CFDBench: A Large-Scale Benchmark for Machine Learning Methods in Fluid Dynamics
Yining Luo, Yingfa Chen, Zhen Zhang
TL;DR
CFDBench provides a large-scale, parameter-conditioned CFD benchmark to rigorously assess neural operators’ generalization to unseen boundary conditions, fluid properties, and domain geometries. It defines four classic flow problems, generates 302K frames via industry-grade solvers, and interpolates data to 64×64 grids, enabling fair comparisons of non-autoregressive and autoregressive models (FFN, DeepONet, FNO, U-Net, etc.). The study reveals significant generalization gaps, with many baselines exhibiting large errors and notable autoregressive error accumulation, underscoring the need for improved parameter-aware architectures and training strategies. By offering a standardized evaluation framework, CFDBench advances rigorous benchmarking and reproducibility for data-driven CFD solvers with practical implications for fast, generalizable surrogate modeling.
Abstract
In recent years, applying deep learning to solve physics problems has attracted much attention. Data-driven deep learning methods produce fast numerical operators that can learn approximate solutions to the whole system of partial differential equations (i.e., surrogate modeling). Although these neural networks may have lower accuracy than traditional numerical methods, they, once trained, are orders of magnitude faster at inference. Hence, one crucial feature is that these operators can generalize to unseen PDE parameters without expensive re-training.In this paper, we construct CFDBench, a benchmark tailored for evaluating the generalization ability of neural operators after training in computational fluid dynamics (CFD) problems.
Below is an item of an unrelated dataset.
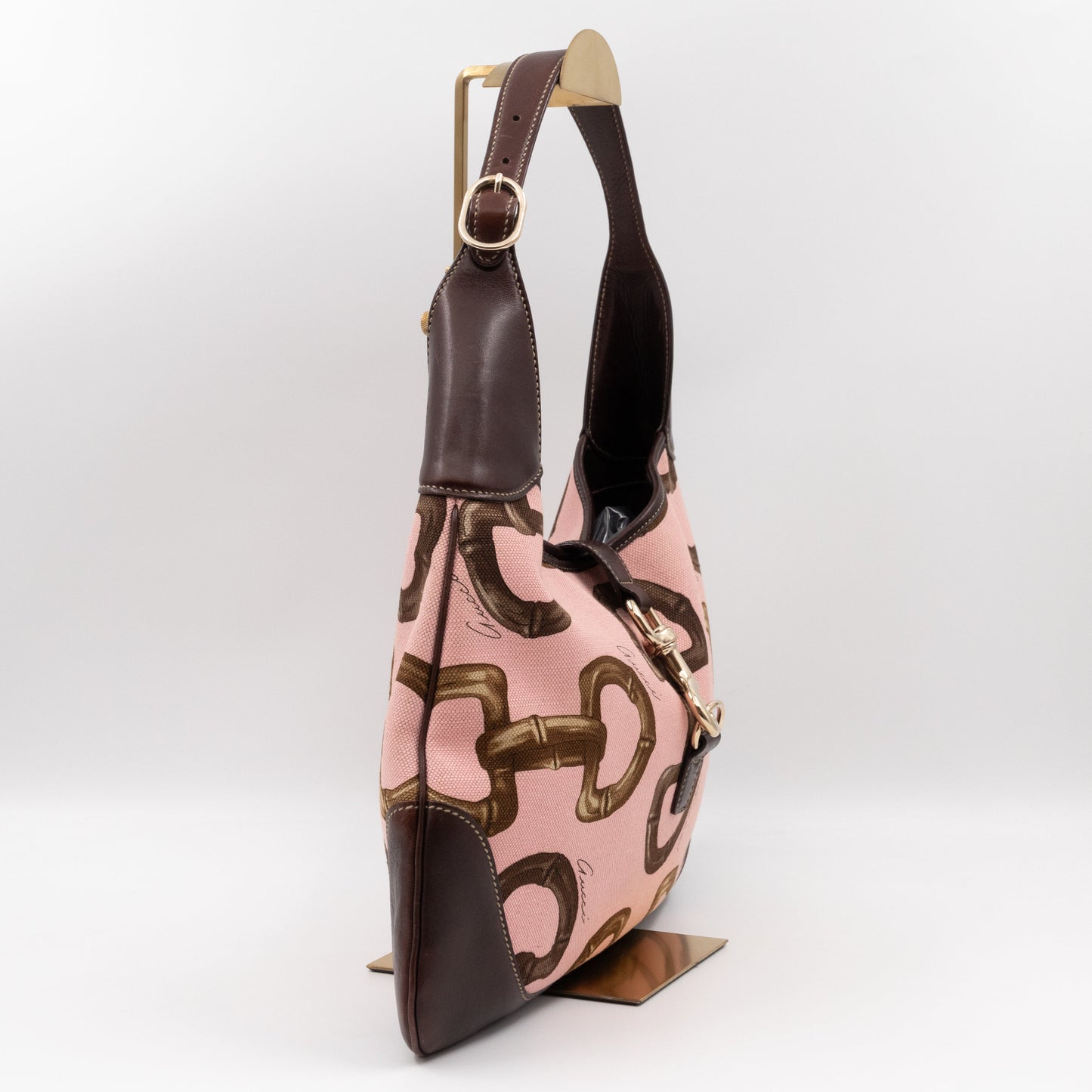 Gucci Jackie O Bouvier Medium Hobo Horsebit Canvas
It features four classic CFD problems: lid-driven cavity flow, laminar boundary layer flow in circular tubes, dam flows through the steps, and periodic Karman vortex street. The data contains a total of 302K frames of velocity and pressure fields, involving 739 cases with different operating condition parameters, generated with numerical methods. We evaluate the effectiveness of popular neural operators including feed-forward networks, DeepONet, FNO, U-Net, etc. on CFDBnech by predicting flows with non-periodic boundary conditions, fluid properties, and flow domain shapes that are not seen during training. Appropriate modifications were made to apply popular deep neural networks to CFDBench and enable the accommodation of more changing inputs. Empirical results on CFDBench show many baseline models have errors as high as 300% in some problems, and severe error accumulation when performing autoregressive inference. CFDBench facilitates a more comprehensive comparison between different neural operators for CFD compared to existing benchmarks.